:: DATA PROVIDED ::

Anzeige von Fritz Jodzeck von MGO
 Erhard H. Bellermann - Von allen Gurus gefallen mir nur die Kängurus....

---

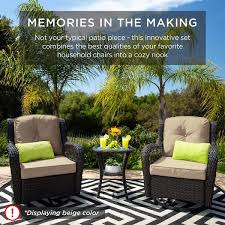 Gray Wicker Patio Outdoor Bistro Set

* * *

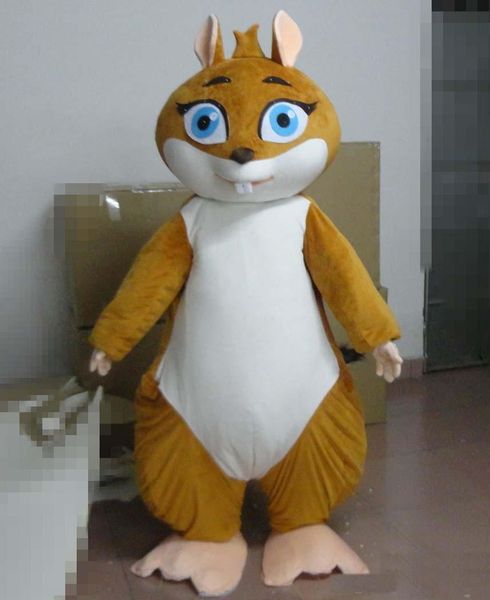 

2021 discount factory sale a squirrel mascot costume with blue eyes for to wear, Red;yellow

:: PROMPT ::
Retype only the lines above between the line with "Anzeige von Fritz Jodzeck von MGO" and the line with "Erhard H. Bellermann", counting those two lines as well, and keep every character as it is.

:: REPLY ::
Anzeige von Fritz Jodzeck von MGO
 Erhard H. Bellermann - Von allen Gurus gefallen mir nur die Kängurus....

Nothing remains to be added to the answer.